• _Your task_
Set down exactly the entries below, beginning at their first line and ending at the line with "photo de BAS".

>>>>

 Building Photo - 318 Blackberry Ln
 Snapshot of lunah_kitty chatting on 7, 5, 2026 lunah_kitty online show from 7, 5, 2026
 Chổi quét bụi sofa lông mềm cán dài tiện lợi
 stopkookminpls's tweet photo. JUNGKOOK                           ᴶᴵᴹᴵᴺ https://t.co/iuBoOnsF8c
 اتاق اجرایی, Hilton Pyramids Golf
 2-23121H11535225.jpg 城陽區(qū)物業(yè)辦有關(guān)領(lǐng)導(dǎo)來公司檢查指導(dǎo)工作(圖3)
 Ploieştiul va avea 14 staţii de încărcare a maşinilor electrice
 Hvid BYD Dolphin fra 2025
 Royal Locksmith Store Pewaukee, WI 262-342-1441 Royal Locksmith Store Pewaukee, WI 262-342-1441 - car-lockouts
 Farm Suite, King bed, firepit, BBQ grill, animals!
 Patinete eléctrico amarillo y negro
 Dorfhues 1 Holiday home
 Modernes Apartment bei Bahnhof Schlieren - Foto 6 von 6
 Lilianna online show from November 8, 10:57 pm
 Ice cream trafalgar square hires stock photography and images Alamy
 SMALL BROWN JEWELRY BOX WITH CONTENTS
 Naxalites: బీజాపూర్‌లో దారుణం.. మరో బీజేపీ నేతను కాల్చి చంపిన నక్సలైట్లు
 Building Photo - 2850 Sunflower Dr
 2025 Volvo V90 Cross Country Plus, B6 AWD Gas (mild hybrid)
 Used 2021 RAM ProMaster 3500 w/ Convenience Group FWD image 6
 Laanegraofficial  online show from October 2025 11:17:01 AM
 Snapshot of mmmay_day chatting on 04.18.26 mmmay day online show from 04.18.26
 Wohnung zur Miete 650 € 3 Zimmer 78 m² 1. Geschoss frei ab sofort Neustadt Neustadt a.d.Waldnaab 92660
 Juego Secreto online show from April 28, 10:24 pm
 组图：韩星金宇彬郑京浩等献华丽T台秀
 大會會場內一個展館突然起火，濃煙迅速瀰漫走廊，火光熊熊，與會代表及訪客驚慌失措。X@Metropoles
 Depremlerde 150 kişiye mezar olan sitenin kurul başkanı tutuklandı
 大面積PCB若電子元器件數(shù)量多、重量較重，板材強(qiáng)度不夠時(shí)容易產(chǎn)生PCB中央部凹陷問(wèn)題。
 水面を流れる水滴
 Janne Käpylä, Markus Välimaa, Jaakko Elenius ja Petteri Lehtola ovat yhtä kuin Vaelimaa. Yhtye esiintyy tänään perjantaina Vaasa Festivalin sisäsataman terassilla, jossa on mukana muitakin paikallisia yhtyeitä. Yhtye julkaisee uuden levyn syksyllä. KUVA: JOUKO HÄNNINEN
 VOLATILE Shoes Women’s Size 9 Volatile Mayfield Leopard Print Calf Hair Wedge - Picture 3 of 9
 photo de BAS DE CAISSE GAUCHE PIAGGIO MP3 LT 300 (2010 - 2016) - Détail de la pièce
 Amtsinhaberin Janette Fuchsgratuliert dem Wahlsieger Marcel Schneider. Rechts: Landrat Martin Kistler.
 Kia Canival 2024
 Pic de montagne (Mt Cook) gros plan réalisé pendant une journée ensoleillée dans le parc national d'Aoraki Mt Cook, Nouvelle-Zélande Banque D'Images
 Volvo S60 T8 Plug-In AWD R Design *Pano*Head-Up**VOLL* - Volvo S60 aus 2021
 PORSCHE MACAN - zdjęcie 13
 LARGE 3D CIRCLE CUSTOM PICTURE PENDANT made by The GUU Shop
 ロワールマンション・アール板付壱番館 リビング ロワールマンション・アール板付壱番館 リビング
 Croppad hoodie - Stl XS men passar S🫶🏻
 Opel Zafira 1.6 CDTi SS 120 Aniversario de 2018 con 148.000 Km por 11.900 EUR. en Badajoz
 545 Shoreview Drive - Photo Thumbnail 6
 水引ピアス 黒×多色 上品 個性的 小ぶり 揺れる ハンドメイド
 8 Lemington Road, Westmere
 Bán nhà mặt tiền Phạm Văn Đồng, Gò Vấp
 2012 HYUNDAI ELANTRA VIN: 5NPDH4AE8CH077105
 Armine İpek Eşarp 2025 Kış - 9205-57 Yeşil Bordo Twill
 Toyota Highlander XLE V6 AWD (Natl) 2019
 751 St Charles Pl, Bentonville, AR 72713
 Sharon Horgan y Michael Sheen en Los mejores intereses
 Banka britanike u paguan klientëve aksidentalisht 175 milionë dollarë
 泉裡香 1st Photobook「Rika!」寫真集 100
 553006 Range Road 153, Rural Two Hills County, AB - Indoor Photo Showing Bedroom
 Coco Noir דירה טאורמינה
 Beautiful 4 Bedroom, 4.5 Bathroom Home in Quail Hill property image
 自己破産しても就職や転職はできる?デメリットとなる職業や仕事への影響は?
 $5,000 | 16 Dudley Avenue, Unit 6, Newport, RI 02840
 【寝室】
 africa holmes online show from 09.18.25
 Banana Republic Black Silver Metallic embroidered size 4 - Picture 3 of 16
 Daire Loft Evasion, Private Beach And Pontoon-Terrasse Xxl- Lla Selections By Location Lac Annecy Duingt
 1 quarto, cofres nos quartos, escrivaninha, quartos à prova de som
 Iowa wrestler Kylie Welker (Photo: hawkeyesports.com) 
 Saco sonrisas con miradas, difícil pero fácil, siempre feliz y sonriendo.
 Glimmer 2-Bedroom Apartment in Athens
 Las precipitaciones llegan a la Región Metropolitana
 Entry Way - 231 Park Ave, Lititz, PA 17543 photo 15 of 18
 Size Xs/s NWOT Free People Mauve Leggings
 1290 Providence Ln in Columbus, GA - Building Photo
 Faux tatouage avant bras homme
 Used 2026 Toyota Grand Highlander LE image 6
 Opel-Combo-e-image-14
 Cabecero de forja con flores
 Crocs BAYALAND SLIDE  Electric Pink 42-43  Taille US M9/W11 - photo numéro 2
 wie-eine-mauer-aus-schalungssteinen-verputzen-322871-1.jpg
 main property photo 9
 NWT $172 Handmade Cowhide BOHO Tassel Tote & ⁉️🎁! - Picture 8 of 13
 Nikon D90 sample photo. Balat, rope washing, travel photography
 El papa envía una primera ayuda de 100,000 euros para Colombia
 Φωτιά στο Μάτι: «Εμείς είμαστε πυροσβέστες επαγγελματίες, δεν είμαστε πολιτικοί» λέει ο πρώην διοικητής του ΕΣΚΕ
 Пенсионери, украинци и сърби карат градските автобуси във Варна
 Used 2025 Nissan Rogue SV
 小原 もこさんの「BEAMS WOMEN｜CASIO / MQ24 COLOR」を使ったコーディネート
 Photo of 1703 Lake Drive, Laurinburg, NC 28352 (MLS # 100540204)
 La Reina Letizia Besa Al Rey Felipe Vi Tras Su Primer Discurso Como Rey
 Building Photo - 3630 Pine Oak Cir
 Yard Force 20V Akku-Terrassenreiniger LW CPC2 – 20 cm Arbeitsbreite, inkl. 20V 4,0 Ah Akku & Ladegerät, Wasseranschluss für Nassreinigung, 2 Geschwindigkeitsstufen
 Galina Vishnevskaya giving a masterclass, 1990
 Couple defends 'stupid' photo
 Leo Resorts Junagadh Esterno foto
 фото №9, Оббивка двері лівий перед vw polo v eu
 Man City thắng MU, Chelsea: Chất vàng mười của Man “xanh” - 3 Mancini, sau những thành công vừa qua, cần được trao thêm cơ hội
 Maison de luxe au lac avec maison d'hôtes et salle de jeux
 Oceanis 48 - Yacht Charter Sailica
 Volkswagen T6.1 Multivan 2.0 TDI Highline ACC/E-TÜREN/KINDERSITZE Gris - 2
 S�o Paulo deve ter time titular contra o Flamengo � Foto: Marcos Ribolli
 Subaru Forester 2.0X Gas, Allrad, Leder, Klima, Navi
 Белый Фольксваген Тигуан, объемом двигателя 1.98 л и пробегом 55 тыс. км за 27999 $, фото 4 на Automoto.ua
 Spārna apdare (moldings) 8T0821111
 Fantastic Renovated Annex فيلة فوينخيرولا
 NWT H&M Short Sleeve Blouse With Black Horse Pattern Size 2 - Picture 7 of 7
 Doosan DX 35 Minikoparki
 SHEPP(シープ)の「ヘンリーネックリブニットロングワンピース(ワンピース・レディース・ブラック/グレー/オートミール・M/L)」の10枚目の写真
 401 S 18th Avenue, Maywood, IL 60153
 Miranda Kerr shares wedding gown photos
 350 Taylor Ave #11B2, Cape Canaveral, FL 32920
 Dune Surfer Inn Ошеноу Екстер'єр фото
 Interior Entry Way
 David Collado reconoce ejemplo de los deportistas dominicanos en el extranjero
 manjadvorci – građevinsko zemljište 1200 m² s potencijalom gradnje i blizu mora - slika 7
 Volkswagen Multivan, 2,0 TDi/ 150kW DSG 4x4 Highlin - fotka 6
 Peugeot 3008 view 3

<<<<

• _Solution below_
 Building Photo - 318 Blackberry Ln
 Snapshot of lunah_kitty chatting on 7, 5, 2026 lunah_kitty online show from 7, 5, 2026
 Chổi quét bụi sofa lông mềm cán dài tiện lợi
 stopkookminpls's tweet photo. JUNGKOOK                           ᴶᴵᴹᴵᴺ https://t.co/iuBoOnsF8c
 اتاق اجرایی, Hilton Pyramids Golf
 2-23121H11535225.jpg 城陽區(qū)物業(yè)辦有關(guān)領(lǐng)導(dǎo)來公司檢查指導(dǎo)工作(圖3)
 Ploieştiul va avea 14 staţii de încărcare a maşinilor electrice
 Hvid BYD Dolphin fra 2025
 Royal Locksmith Store Pewaukee, WI 262-342-1441 Royal Locksmith Store Pewaukee, WI 262-342-1441 - car-lockouts
 Farm Suite, King bed, firepit, BBQ grill, animals!
 Patinete eléctrico amarillo y negro
 Dorfhues 1 Holiday home
 Modernes Apartment bei Bahnhof Schlieren - Foto 6 von 6
 Lilianna online show from November 8, 10:57 pm
 Ice cream trafalgar square hires stock photography and images Alamy
 SMALL BROWN JEWELRY BOX WITH CONTENTS
 Naxalites: బీజాపూర్‌లో దారుణం.. మరో బీజేపీ నేతను కాల్చి చంపిన నక్సలైట్లు
 Building Photo - 2850 Sunflower Dr
 2025 Volvo V90 Cross Country Plus, B6 AWD Gas (mild hybrid)
 Used 2021 RAM ProMaster 3500 w/ Convenience Group FWD image 6
 Laanegraofficial  online show from October 2025 11:17:01 AM
 Snapshot of mmmay_day chatting on 04.18.26 mmmay day online show from 04.18.26
 Wohnung zur Miete 650 € 3 Zimmer 78 m² 1. Geschoss frei ab sofort Neustadt Neustadt a.d.Waldnaab 92660
 Juego Secreto online show from April 28, 10:24 pm
 组图：韩星金宇彬郑京浩等献华丽T台秀
 大會會場內一個展館突然起火，濃煙迅速瀰漫走廊，火光熊熊，與會代表及訪客驚慌失措。X@Metropoles
 Depremlerde 150 kişiye mezar olan sitenin kurul başkanı tutuklandı
 大面積PCB若電子元器件數(shù)量多、重量較重，板材強(qiáng)度不夠時(shí)容易產(chǎn)生PCB中央部凹陷問(wèn)題。
 水面を流れる水滴
 Janne Käpylä, Markus Välimaa, Jaakko Elenius ja Petteri Lehtola ovat yhtä kuin Vaelimaa. Yhtye esiintyy tänään perjantaina Vaasa Festivalin sisäsataman terassilla, jossa on mukana muitakin paikallisia yhtyeitä. Yhtye julkaisee uuden levyn syksyllä. KUVA: JOUKO HÄNNINEN
 VOLATILE Shoes Women’s Size 9 Volatile Mayfield Leopard Print Calf Hair Wedge - Picture 3 of 9
 photo de BAS DE CAISSE GAUCHE PIAGGIO MP3 LT 300 (2010 - 2016) - Détail de la pièce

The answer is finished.